#### What the exercise asks
Once you find the line below that has "Jump Hartschalen-Trolley Striper, 4", output it and every line after it exactly, stopping after the line that has "Latna Saga: Survival", with no pictures.

#### Supplied data
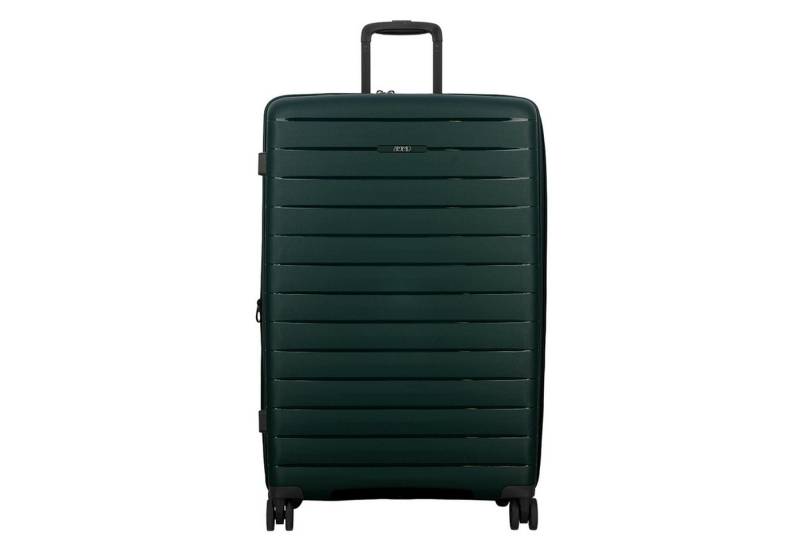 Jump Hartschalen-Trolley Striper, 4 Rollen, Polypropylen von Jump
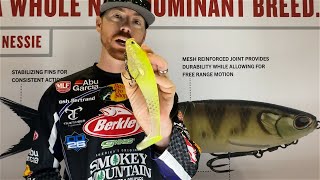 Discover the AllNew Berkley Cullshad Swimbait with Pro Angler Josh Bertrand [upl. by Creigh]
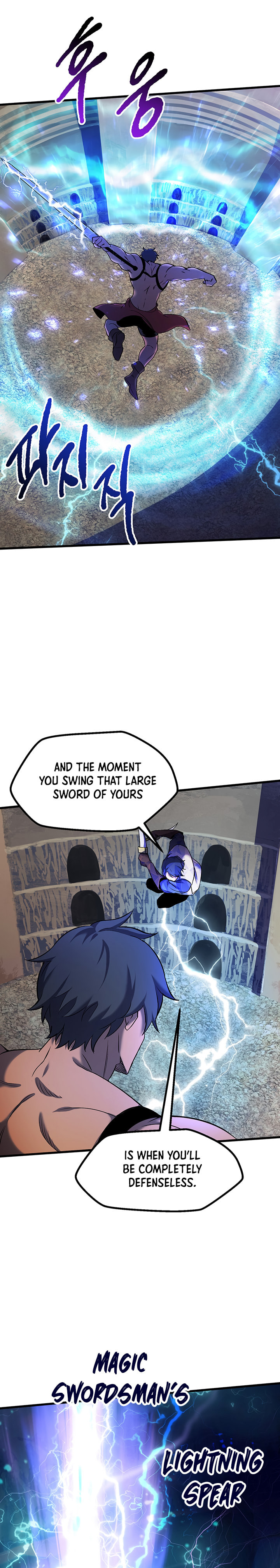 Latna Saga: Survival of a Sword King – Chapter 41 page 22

...

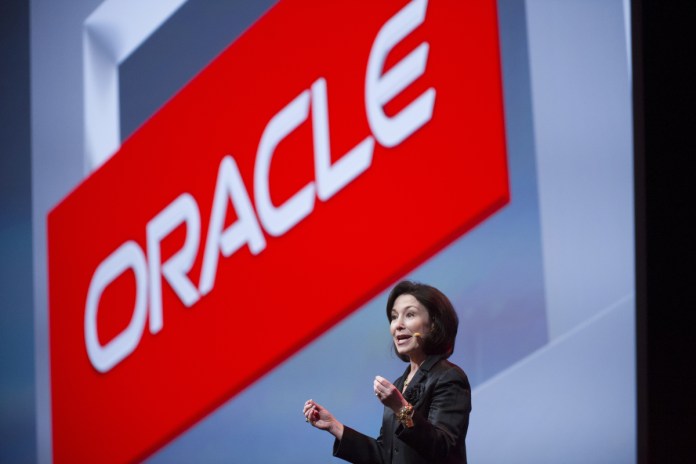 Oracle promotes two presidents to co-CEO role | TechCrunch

#### Answer for this exercise
 Jump Hartschalen-Trolley Striper, 4 Rollen, Polypropylen von Jump
 Discover the AllNew Berkley Cullshad Swimbait with Pro Angler Josh Bertrand [upl. by Creigh]
 Latna Saga: Survival of a Sword King – Chapter 41 page 22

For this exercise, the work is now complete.